> **THE DATA**:
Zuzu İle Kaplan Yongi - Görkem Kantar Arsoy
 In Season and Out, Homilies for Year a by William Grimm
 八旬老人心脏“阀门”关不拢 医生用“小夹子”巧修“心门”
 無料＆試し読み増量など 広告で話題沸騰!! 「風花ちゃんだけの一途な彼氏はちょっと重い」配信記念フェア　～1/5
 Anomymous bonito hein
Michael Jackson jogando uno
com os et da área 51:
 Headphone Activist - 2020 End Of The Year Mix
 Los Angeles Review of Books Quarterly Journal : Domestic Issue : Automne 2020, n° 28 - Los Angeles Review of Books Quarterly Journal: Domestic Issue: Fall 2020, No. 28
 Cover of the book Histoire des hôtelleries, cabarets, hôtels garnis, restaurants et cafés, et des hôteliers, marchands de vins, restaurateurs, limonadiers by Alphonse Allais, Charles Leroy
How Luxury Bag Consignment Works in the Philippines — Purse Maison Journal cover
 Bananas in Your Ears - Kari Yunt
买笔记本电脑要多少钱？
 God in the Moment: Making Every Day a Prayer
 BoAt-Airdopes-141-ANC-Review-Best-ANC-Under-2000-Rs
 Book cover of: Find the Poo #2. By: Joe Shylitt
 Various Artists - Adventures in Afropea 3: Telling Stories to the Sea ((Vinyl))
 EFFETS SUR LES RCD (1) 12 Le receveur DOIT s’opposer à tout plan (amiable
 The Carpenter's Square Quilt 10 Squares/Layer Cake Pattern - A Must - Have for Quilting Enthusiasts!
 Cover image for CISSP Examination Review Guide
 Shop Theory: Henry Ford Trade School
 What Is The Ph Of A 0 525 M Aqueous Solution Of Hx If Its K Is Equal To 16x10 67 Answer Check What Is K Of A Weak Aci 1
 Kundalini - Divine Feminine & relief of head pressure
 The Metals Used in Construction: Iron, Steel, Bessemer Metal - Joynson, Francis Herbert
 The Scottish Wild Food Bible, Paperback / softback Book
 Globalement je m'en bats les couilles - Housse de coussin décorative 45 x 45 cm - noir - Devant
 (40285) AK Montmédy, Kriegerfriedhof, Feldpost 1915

> **PROBLEM TO WORK ON**: Each line of the listing should be printed again, exactly.

> **RESULT**:
Zuzu İle Kaplan Yongi - Görkem Kantar Arsoy
 In Season and Out, Homilies for Year a by William Grimm
 八旬老人心脏“阀门”关不拢 医生用“小夹子”巧修“心门”
 無料＆試し読み増量など 広告で話題沸騰!! 「風花ちゃんだけの一途な彼氏はちょっと重い」配信記念フェア　～1/5
 Anomymous bonito hein
Michael Jackson jogando uno
com os et da área 51:
 Headphone Activist - 2020 End Of The Year Mix
 Los Angeles Review of Books Quarterly Journal : Domestic Issue : Automne 2020, n° 28 - Los Angeles Review of Books Quarterly Journal: Domestic Issue: Fall 2020, No. 28
 Cover of the book Histoire des hôtelleries, cabarets, hôtels garnis, restaurants et cafés, et des hôteliers, marchands de vins, restaurateurs, limonadiers by Alphonse Allais, Charles Leroy
How Luxury Bag Consignment Works in the Philippines — Purse Maison Journal cover
 Bananas in Your Ears - Kari Yunt
买笔记本电脑要多少钱？
 God in the Moment: Making Every Day a Prayer
 BoAt-Airdopes-141-ANC-Review-Best-ANC-Under-2000-Rs
 Book cover of: Find the Poo #2. By: Joe Shylitt
 Various Artists - Adventures in Afropea 3: Telling Stories to the Sea ((Vinyl))
 EFFETS SUR LES RCD (1) 12 Le receveur DOIT s’opposer à tout plan (amiable
 The Carpenter's Square Quilt 10 Squares/Layer Cake Pattern - A Must - Have for Quilting Enthusiasts!
 Cover image for CISSP Examination Review Guide
 Shop Theory: Henry Ford Trade School
 What Is The Ph Of A 0 525 M Aqueous Solution Of Hx If Its K Is Equal To 16x10 67 Answer Check What Is K Of A Weak Aci 1
 Kundalini - Divine Feminine & relief of head pressure
 The Metals Used in Construction: Iron, Steel, Bessemer Metal - Joynson, Francis Herbert
 The Scottish Wild Food Bible, Paperback / softback Book
 Globalement je m'en bats les couilles - Housse de coussin décorative 45 x 45 cm - noir - Devant
 (40285) AK Montmédy, Kriegerfriedhof, Feldpost 1915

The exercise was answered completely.